To see in which block the data is stored, open the inspector from the web browser (right-click, inspector at the bottom)

Let’s start by getting the title data, the title data is hosted in the class named titleColumn we can separate this data from the main HTML code.

titleClass = soup.find_all("td" , class_= "titleColumn")

find_all is used to parse the specified class and everything else below it, since this is a returnable value, you must use a loop to obtain the structures.

We have to parse the link block inside the TitleColumn class, then convert the linked text to a string and assign it to a variable.

# Find All Link in titleColumn
# Store Link Name in List

titles = []
for tag in titleClass:
  link = tag.find_all("a" , href = True)

  for tag in link:
    titles.append(tag.text)

Let’s summarize the algorithm here with the list below so that we can understand the find_all function more easily.

  1. Get all code blocks under titleClass.
  2. Parse the text inside each block with the help of a loop.
  3. Add parsed texts (headings) to a list
ratingClass = soup.find_all("td" , class_="ratingColumn")

We will parse the main class again to get the rating points, and we will apply the same operations in this class.

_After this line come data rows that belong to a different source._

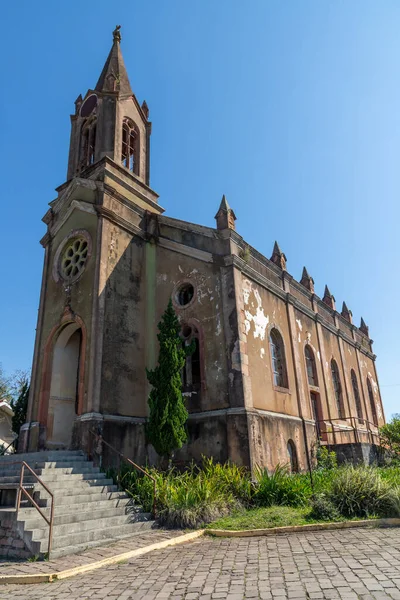 Vecchia Chiesa Pietra Con Campanile Ivoti Rio Grande Sul Brasile — Foto Stock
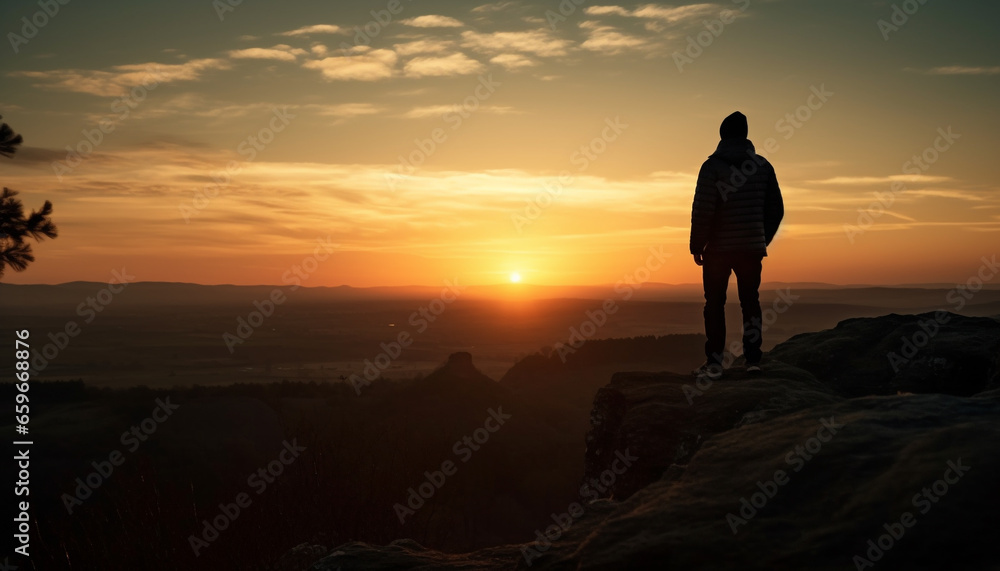 Standing silhouette admires mountain peak at sunrise generative AI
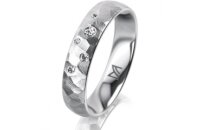 Ring Platin 950 4.5 mm diamantmatt 5 Brillanten G vs...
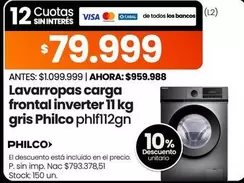 Philco - Lavarropas carga frontal inverter 11 kg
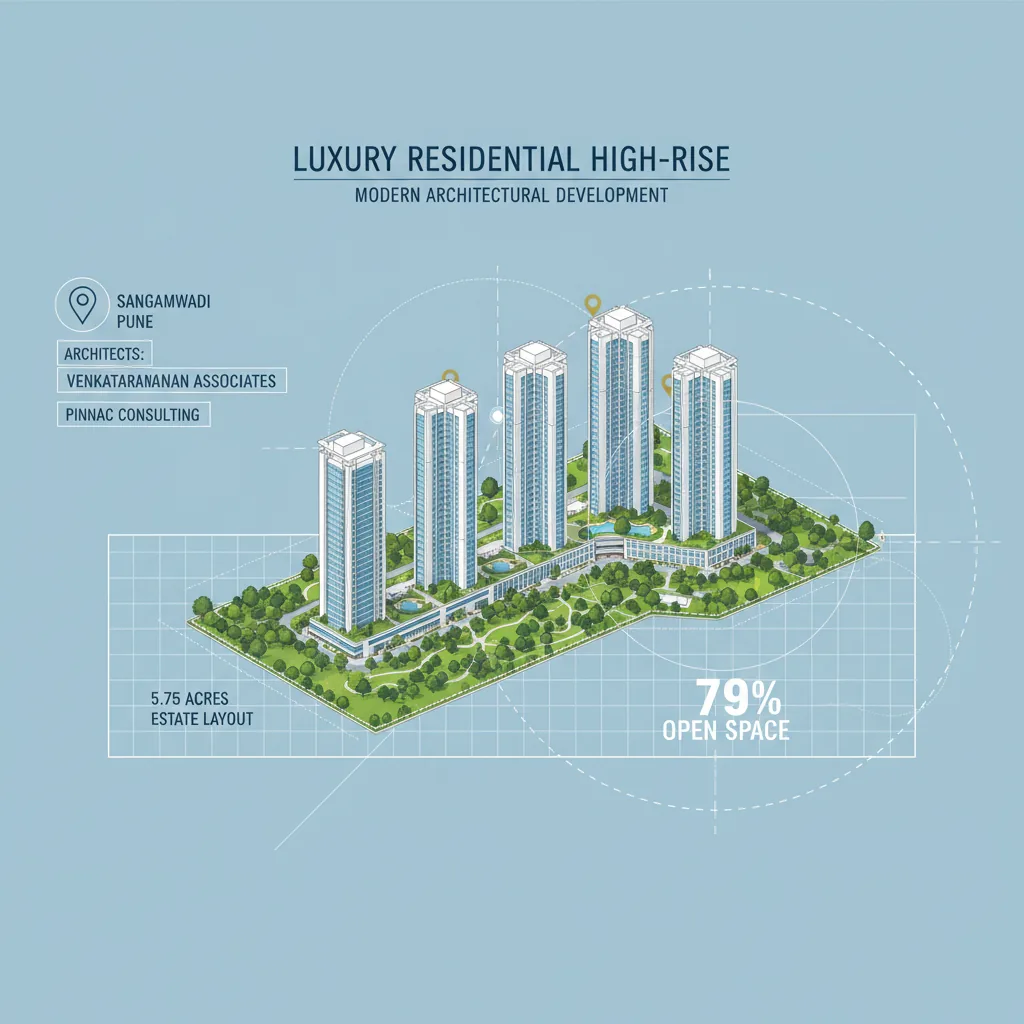Modern architectural infographic showing Birla Punya luxury residential development with green parks, towers, and blueprint elements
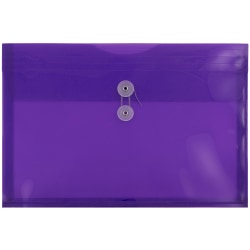 JAM Paper® Plastic Booklet Envelopes, Legal-Size, 10 1/2" x 14 1/2", Button & String Closure, Purple, Pack Of 12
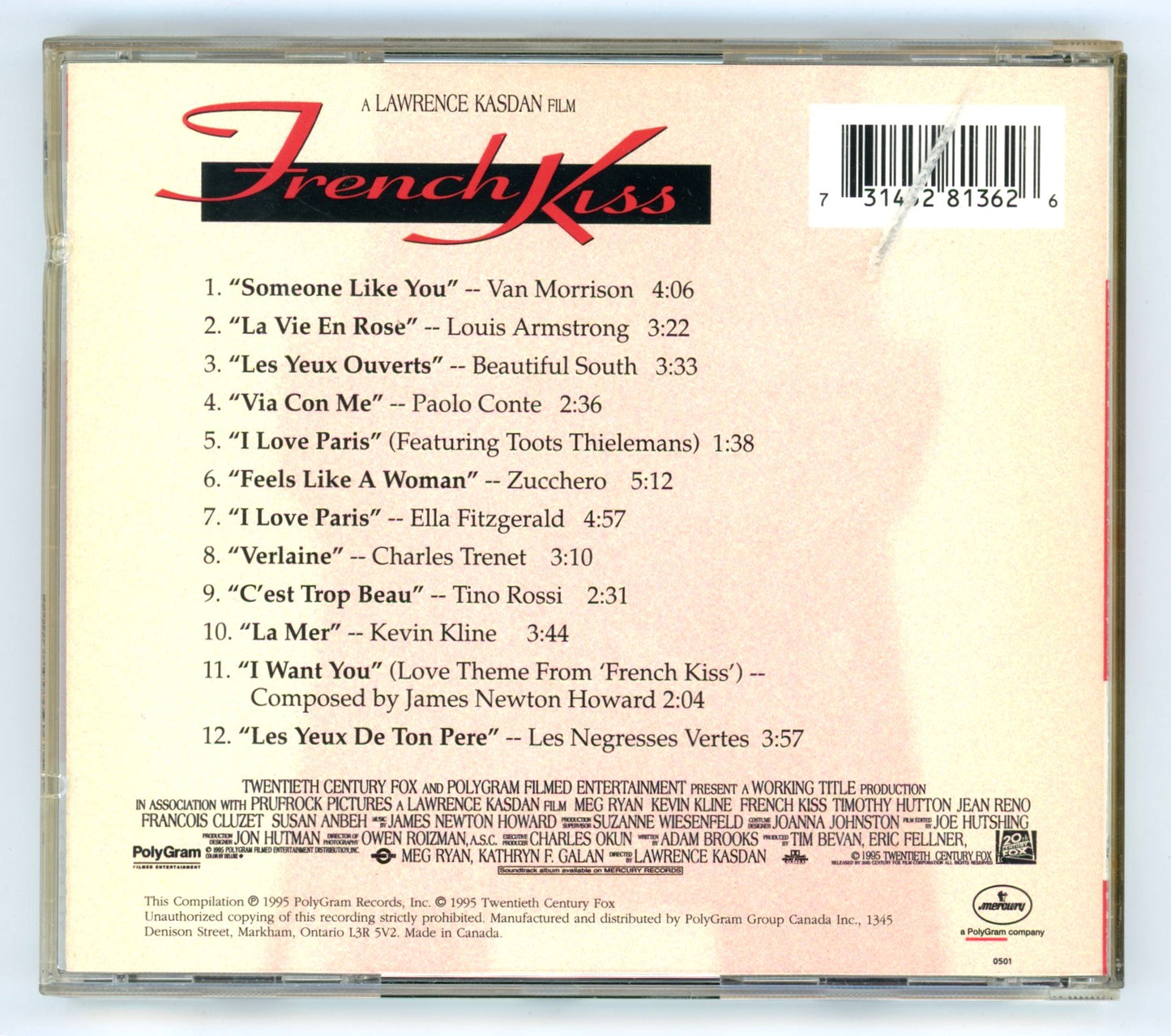 French Kiss (1995) Motion Picture Soundtrack Vintage CD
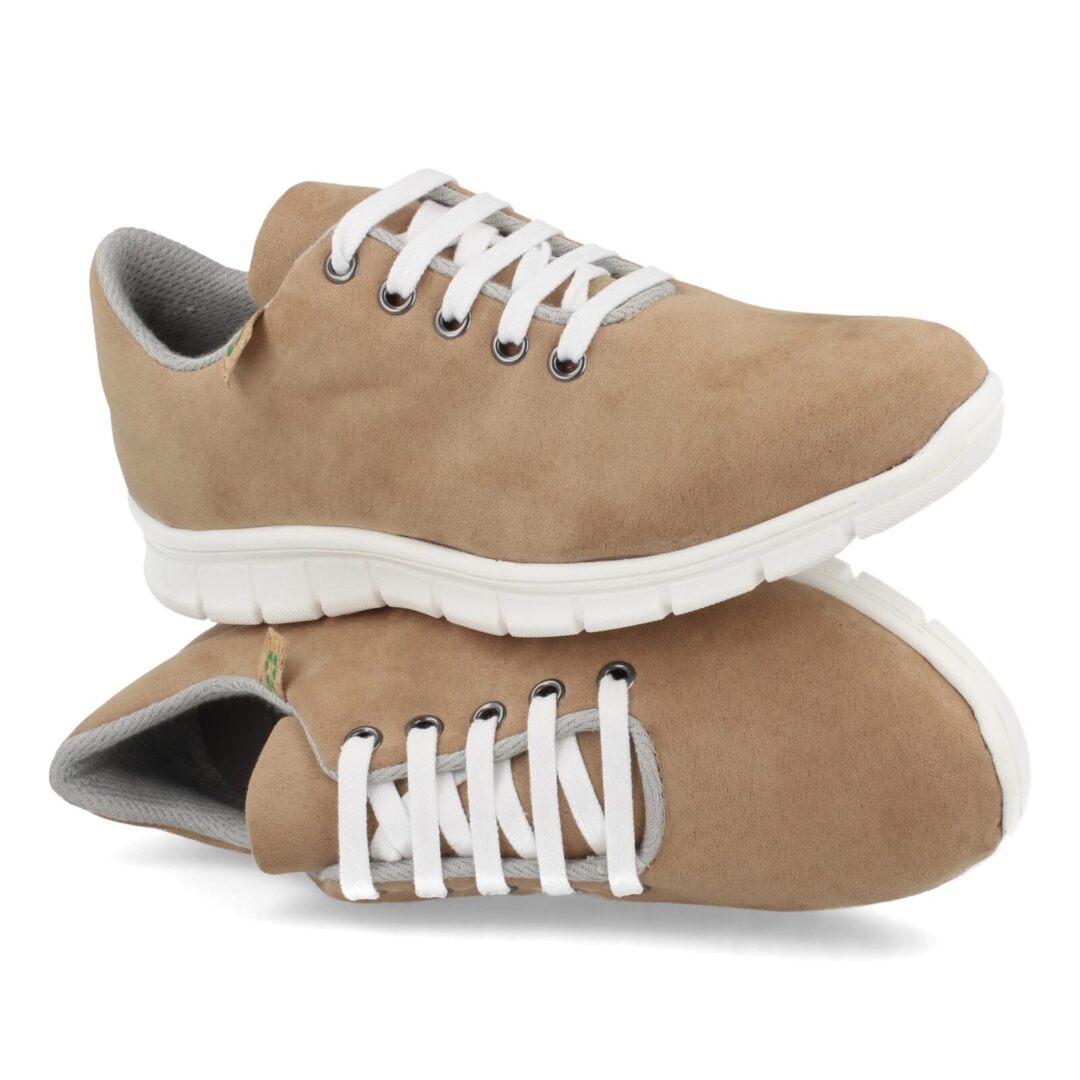 Zapatillas bio taupe cordones blancos - Imagen 6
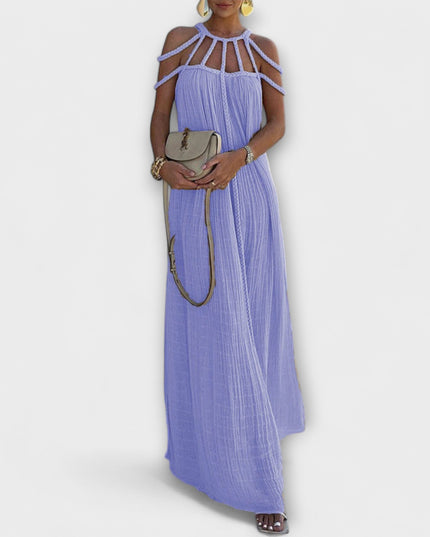 Helmine - Ein schickes Maxikleid aus Mischgewebe mit drapierten Zöpfen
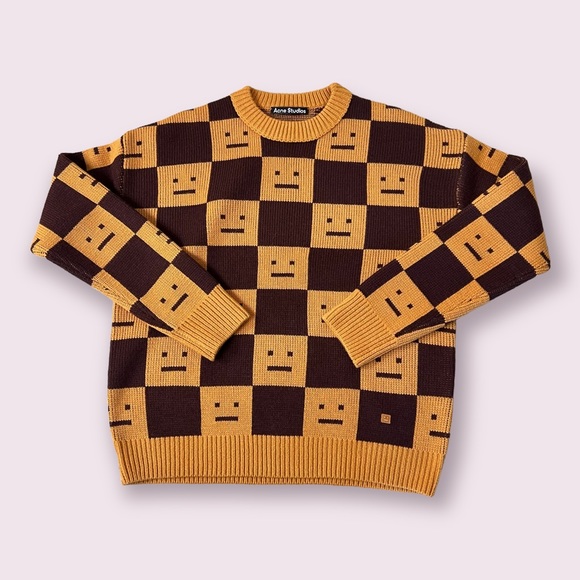 Acne Studios Sweaters - 🍁☃️ACNE STUDIOS Women's Face Jacquard Wool Sweater Ochre Orange Coffee Brown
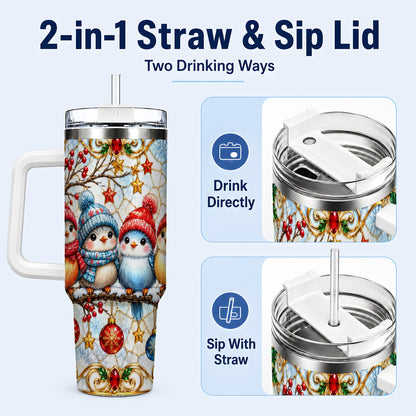 #pl[40oz|White] Christmas Bird 40oz Tumbler with Handle, Winter Songbird Travel Cup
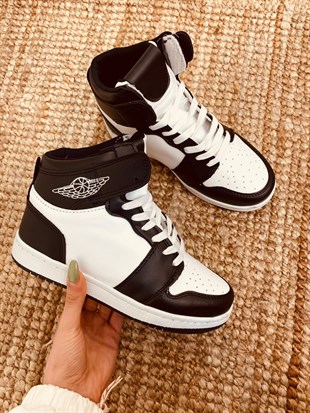 Siyah-Beyaz (Jordan) Kadın Sneakers l Erva'nın Butiği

# Split blocks containing strong
# Get text in allocated blocks
# Convert Float

ratings = []
for tag in ratingClass:
  rating = tag.find_all("strong")

  for j in rating:
    ratings.append(float(j.text))

We got all the data we need, we need to store this data for later use, with the help of Pandas we can store the data in CSV.

3 – Store Got Data

We can convert the data to a CSV or XLSX file for later use without the need to scrape the data again.

In this section, we will convert the data obtained with Pandas to DataFrame, so when you want to analyze, you can easily start your analysis by calling the file.

# Convert List to DataFrame
import pandas as pd
data = pd.DataFrame(zip(name , ratings),
                    columns = ["Name" , "Ratings"])

Now let’s quickly check the data we received on the Pandas DataFrame.

# Show Data
data.head(10)

Yes, we have successfully completed the web scraping process, we pull the data on the website and store it in a DataFrame.

If you want direct access to the data without re-scraping, you can convert the DataFrame to a CSV file and call it with the help of Pandas.